While Smoulder didn’t return to Vietnam, he had friends that did. One went back 18 months later and told Smoulder after that tour that he “wouldn’t believe how the morale of the troops has diminished.”
He identifies that as when his view of the war really started to shift.
“I feel that we were the first warriors to be criticized for going to war,” he said. “Wars after that and wars before, the warriors were not criticized. We were simply doing what we were supposed to do.”
He remembers Walter Kronkite broadcasting to the nation in 1968 that the war was not winnable. He remembers the Pentagon Papers.
“Just stuff like that slowly began to sway my opinion,” he said.
The “coup de grace” was in 1971 when he watched 800 Vietnam veterans take their medals and throw them over the White House fence. Gold Star Mothers did the same thing.
“That was big for me,” he said. “It was so volatile then. It was crazy.
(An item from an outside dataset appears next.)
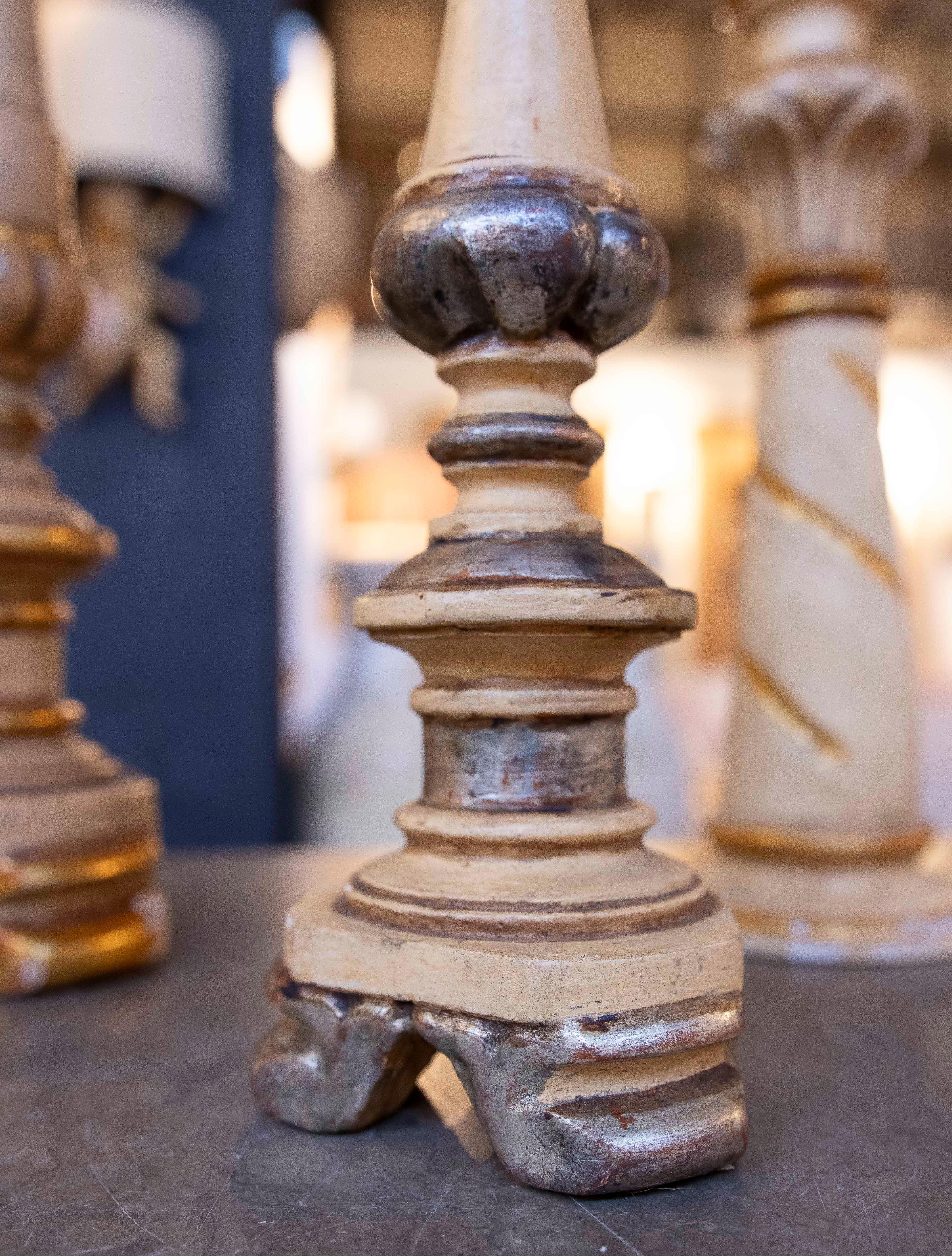 Ferro Set di sei candelieri in legno policromi degli anni '70 in vendita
Cities burning, people against the war, was all over TV. Woodstock. It was tough and the country became something else because of all of that. The free sex. The decline of morality. People not going to church anymore….”
LESSONS LEARNED
Smoulder said he has become more conservative as he has matured, describing himself as a moderate that leans to the right. He’s voted for both Obama and Trump, though he said he won’t vote for Trump again because of what happened on Jan. 6.
“It’s the most divided since the 60s, I think,” he said of our current moment. “I think it’s worse, growing worse throughout the years. They all say ‘I’m going to reach across the aisle.’ I think they’re all liars.”
So how would he explain Vietnam to someone who asked?
“First of all, we were misguided,” he said, citing the Domino Theory and the Red Scare facilitated by McCarthyism. “I very strongly bought into that philosophy. I would describe that as how we got into it.
“I would also say that I have a tremendous amount of respect for the North Vietnamese military,” he added. “They were fantastic and they were willing to lose as many people as it would take to win. We totally underestimated them. They were fighting for a cause. We were fighting because of communism, I don’t know, because we were told to.”
It would be 26 years before someone, anyone, would thank Smoulder for his service.
“I had not given that thought, that no one had said anything to me,” he said.
Then he was in church and the pastor asked for veterans to be recognized.
“It struck me. I got tears in my eyes…. You just grow to accept it. I had no expectation of that,” he said.